WORK ITEM
Transcribe the records in their entirety, exactly as given.

INFORMATION
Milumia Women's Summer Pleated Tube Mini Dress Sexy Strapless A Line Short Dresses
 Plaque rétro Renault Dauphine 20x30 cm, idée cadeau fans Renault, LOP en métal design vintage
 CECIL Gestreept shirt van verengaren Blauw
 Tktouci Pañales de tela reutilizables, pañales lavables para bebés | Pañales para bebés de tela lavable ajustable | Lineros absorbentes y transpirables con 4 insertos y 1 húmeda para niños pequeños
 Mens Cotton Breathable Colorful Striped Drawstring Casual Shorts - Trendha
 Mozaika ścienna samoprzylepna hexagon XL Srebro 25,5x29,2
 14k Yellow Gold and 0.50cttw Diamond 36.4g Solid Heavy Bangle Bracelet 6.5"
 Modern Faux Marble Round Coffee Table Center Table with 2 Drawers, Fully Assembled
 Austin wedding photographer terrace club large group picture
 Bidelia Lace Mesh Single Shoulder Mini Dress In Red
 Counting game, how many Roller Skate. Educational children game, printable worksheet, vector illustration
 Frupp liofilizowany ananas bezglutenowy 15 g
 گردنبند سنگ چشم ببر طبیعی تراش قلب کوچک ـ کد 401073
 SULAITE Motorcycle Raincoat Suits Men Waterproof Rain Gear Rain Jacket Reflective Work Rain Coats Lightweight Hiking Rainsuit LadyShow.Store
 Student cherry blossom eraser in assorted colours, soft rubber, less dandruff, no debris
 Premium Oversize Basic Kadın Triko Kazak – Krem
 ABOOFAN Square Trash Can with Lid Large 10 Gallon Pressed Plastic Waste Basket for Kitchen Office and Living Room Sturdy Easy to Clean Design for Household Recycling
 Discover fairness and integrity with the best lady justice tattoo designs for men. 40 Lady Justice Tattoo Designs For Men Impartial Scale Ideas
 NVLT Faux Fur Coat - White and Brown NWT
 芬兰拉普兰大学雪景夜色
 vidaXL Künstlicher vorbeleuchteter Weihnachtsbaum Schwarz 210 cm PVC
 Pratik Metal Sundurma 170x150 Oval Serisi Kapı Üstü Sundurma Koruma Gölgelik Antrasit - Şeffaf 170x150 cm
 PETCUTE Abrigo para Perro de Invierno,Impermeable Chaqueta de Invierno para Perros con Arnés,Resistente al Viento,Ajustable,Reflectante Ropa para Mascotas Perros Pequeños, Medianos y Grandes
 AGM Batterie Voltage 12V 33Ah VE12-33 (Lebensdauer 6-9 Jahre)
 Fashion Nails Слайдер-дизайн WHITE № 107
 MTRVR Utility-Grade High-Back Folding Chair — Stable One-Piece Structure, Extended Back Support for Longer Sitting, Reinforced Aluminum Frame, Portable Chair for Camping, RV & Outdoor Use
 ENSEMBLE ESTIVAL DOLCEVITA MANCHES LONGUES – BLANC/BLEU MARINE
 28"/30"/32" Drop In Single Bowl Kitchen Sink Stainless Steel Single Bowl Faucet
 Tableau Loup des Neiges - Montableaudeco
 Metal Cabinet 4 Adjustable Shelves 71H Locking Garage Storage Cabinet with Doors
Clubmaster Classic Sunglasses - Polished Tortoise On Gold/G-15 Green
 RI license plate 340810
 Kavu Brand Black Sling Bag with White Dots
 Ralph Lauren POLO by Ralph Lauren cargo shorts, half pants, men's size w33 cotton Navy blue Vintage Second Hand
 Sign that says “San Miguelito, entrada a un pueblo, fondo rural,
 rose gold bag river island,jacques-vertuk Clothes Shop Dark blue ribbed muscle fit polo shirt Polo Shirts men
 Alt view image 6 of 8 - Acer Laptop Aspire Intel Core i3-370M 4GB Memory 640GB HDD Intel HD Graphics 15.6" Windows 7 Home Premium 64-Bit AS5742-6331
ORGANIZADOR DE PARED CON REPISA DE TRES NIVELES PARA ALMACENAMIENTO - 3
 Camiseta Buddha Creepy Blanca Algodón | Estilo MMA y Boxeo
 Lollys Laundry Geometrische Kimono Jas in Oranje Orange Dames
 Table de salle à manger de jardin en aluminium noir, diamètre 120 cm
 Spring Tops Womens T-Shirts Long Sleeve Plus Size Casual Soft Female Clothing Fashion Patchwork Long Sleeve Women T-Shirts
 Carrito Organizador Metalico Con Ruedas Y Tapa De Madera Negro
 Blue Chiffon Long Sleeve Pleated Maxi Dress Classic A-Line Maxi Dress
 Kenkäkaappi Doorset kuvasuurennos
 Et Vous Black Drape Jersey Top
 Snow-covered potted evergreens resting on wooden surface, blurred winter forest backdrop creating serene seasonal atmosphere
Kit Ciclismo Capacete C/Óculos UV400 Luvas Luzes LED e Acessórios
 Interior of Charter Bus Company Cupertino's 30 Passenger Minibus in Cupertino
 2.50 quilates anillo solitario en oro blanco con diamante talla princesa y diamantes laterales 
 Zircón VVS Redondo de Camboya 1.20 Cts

EXPECTED OUTPUT
Milumia Women's Summer Pleated Tube Mini Dress Sexy Strapless A Line Short Dresses
 Plaque rétro Renault Dauphine 20x30 cm, idée cadeau fans Renault, LOP en métal design vintage
 CECIL Gestreept shirt van verengaren Blauw
 Tktouci Pañales de tela reutilizables, pañales lavables para bebés | Pañales para bebés de tela lavable ajustable | Lineros absorbentes y transpirables con 4 insertos y 1 húmeda para niños pequeños
 Mens Cotton Breathable Colorful Striped Drawstring Casual Shorts - Trendha
 Mozaika ścienna samoprzylepna hexagon XL Srebro 25,5x29,2
 14k Yellow Gold and 0.50cttw Diamond 36.4g Solid Heavy Bangle Bracelet 6.5"
 Modern Faux Marble Round Coffee Table Center Table with 2 Drawers, Fully Assembled
 Austin wedding photographer terrace club large group picture
 Bidelia Lace Mesh Single Shoulder Mini Dress In Red
 Counting game, how many Roller Skate. Educational children game, printable worksheet, vector illustration
 Frupp liofilizowany ananas bezglutenowy 15 g
 گردنبند سنگ چشم ببر طبیعی تراش قلب کوچک ـ کد 401073
 SULAITE Motorcycle Raincoat Suits Men Waterproof Rain Gear Rain Jacket Reflective Work Rain Coats Lightweight Hiking Rainsuit LadyShow.Store
 Student cherry blossom eraser in assorted colours, soft rubber, less dandruff, no debris
 Premium Oversize Basic Kadın Triko Kazak – Krem
 ABOOFAN Square Trash Can with Lid Large 10 Gallon Pressed Plastic Waste Basket for Kitchen Office and Living Room Sturdy Easy to Clean Design for Household Recycling
 Discover fairness and integrity with the best lady justice tattoo designs for men. 40 Lady Justice Tattoo Designs For Men Impartial Scale Ideas
 NVLT Faux Fur Coat - White and Brown NWT
 芬兰拉普兰大学雪景夜色
 vidaXL Künstlicher vorbeleuchteter Weihnachtsbaum Schwarz 210 cm PVC
 Pratik Metal Sundurma 170x150 Oval Serisi Kapı Üstü Sundurma Koruma Gölgelik Antrasit - Şeffaf 170x150 cm
 PETCUTE Abrigo para Perro de Invierno,Impermeable Chaqueta de Invierno para Perros con Arnés,Resistente al Viento,Ajustable,Reflectante Ropa para Mascotas Perros Pequeños, Medianos y Grandes
 AGM Batterie Voltage 12V 33Ah VE12-33 (Lebensdauer 6-9 Jahre)
 Fashion Nails Слайдер-дизайн WHITE № 107
 MTRVR Utility-Grade High-Back Folding Chair — Stable One-Piece Structure, Extended Back Support for Longer Sitting, Reinforced Aluminum Frame, Portable Chair for Camping, RV & Outdoor Use
 ENSEMBLE ESTIVAL DOLCEVITA MANCHES LONGUES – BLANC/BLEU MARINE
 28"/30"/32" Drop In Single Bowl Kitchen Sink Stainless Steel Single Bowl Faucet
 Tableau Loup des Neiges - Montableaudeco
 Metal Cabinet 4 Adjustable Shelves 71H Locking Garage Storage Cabinet with Doors
Clubmaster Classic Sunglasses - Polished Tortoise On Gold/G-15 Green
 RI license plate 340810
 Kavu Brand Black Sling Bag with White Dots
 Ralph Lauren POLO by Ralph Lauren cargo shorts, half pants, men's size w33 cotton Navy blue Vintage Second Hand
 Sign that says “San Miguelito, entrada a un pueblo, fondo rural,
 rose gold bag river island,jacques-vertuk Clothes Shop Dark blue ribbed muscle fit polo shirt Polo Shirts men
 Alt view image 6 of 8 - Acer Laptop Aspire Intel Core i3-370M 4GB Memory 640GB HDD Intel HD Graphics 15.6" Windows 7 Home Premium 64-Bit AS5742-6331
ORGANIZADOR DE PARED CON REPISA DE TRES NIVELES PARA ALMACENAMIENTO - 3
 Camiseta Buddha Creepy Blanca Algodón | Estilo MMA y Boxeo
 Lollys Laundry Geometrische Kimono Jas in Oranje Orange Dames
 Table de salle à manger de jardin en aluminium noir, diamètre 120 cm
 Spring Tops Womens T-Shirts Long Sleeve Plus Size Casual Soft Female Clothing Fashion Patchwork Long Sleeve Women T-Shirts
 Carrito Organizador Metalico Con Ruedas Y Tapa De Madera Negro
 Blue Chiffon Long Sleeve Pleated Maxi Dress Classic A-Line Maxi Dress
 Kenkäkaappi Doorset kuvasuurennos
 Et Vous Black Drape Jersey Top
 Snow-covered potted evergreens resting on wooden surface, blurred winter forest backdrop creating serene seasonal atmosphere
Kit Ciclismo Capacete C/Óculos UV400 Luvas Luzes LED e Acessórios
 Interior of Charter Bus Company Cupertino's 30 Passenger Minibus in Cupertino
 2.50 quilates anillo solitario en oro blanco con diamante talla princesa y diamantes laterales 
 Zircón VVS Redondo de Camboya 1.20 Cts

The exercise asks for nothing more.